How to Stand up to the Mean Girl in Your Mind:
Reframing dancer self-talk
By Michelle Loucadoux
Picture it. You run offstage after a performance, sweaty and exhilarated. That was fun! As you walk to the dressing room, that performance high gives way to a little voice in your head. That was not your best pirouette. I bet the director noticed. And you ate those french fries last night — did Allie see that you look puffy in your costume? And remember when you did that leap and everyone else jumped higher than you?
Does this sound familiar?
That’s your mind’s mean girl taking away all of the joy you gained from a good performance. I like to call my personal mean girl Dina. And if I don’t stand up to her, she not only ruins my performance, but she also can be the catalyst for a deep dive into self-doubt and depression.

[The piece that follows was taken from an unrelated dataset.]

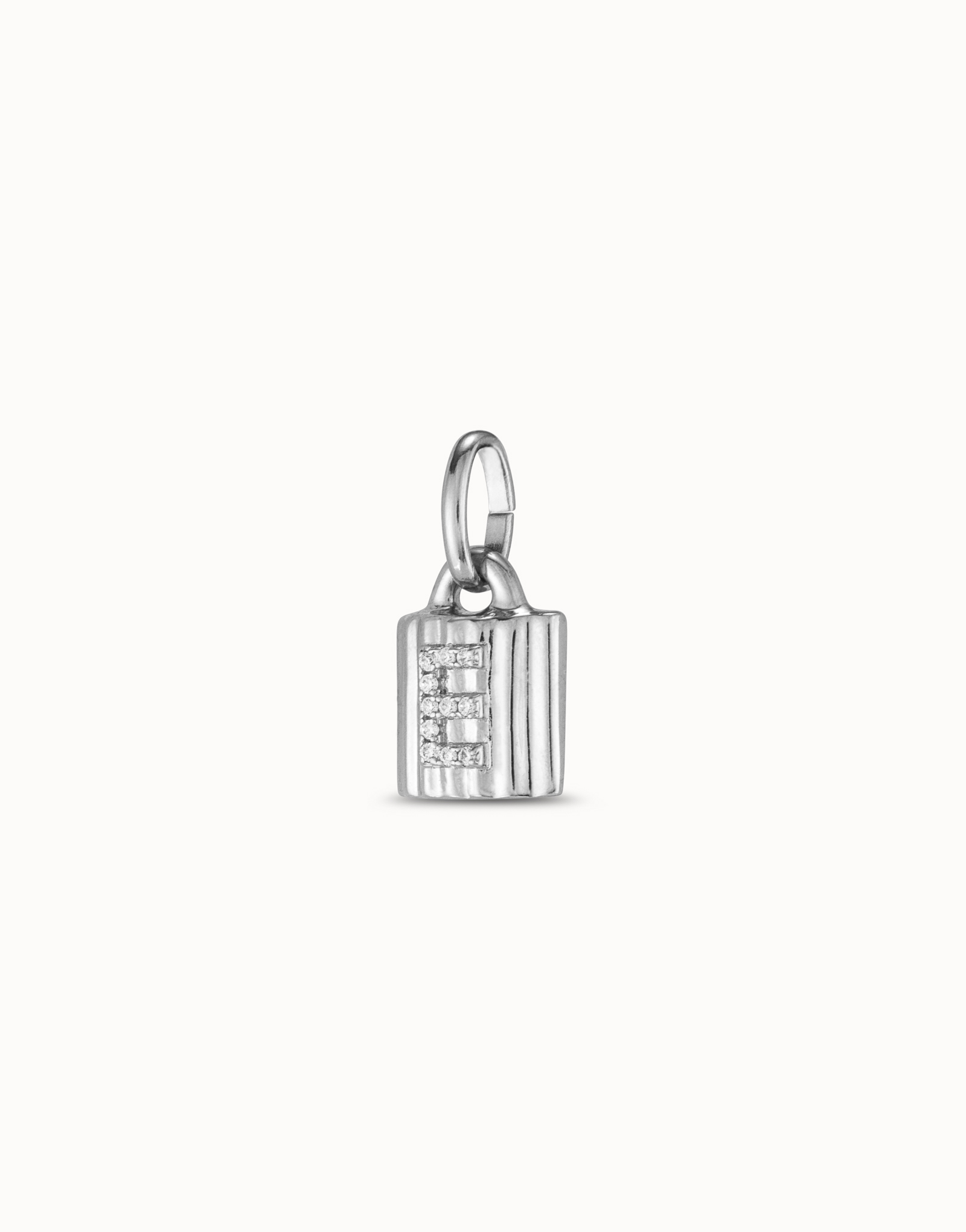 Sterling silver-plated padlock charm with topaz letter E, Silver, large thumbnail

Whether it’s Dina, Regina George, Gretchen Wieners, or Maximus the Self Confidence Conquerer, we all have the equivalent of a mean girl in our head that says negative things to us. Most people call this negative self-talk. And if you’re not careful with how you deal with this self-talk, it can impact both your dancing and your life.
What is self-talk?
We all have a constant string of thoughts running through our heads. Current science suggests we have more than 6,000 thoughts per day. Your self-talk can be both positive and negative. I really don’t want to go to that rehearsal. Why in the world did I decide to wear this today? I can’t believe I forgot that combination. Why do I always forget the combination?
For many of us, our brains don’t really shut up very often. There’s a bigger problem than that, though. The bigger problem is, much of what our brains tell us isn’t true. Yep. That’s right. That self-talk rolling around in your noggin? It can be worse than gossip. And much more harmful.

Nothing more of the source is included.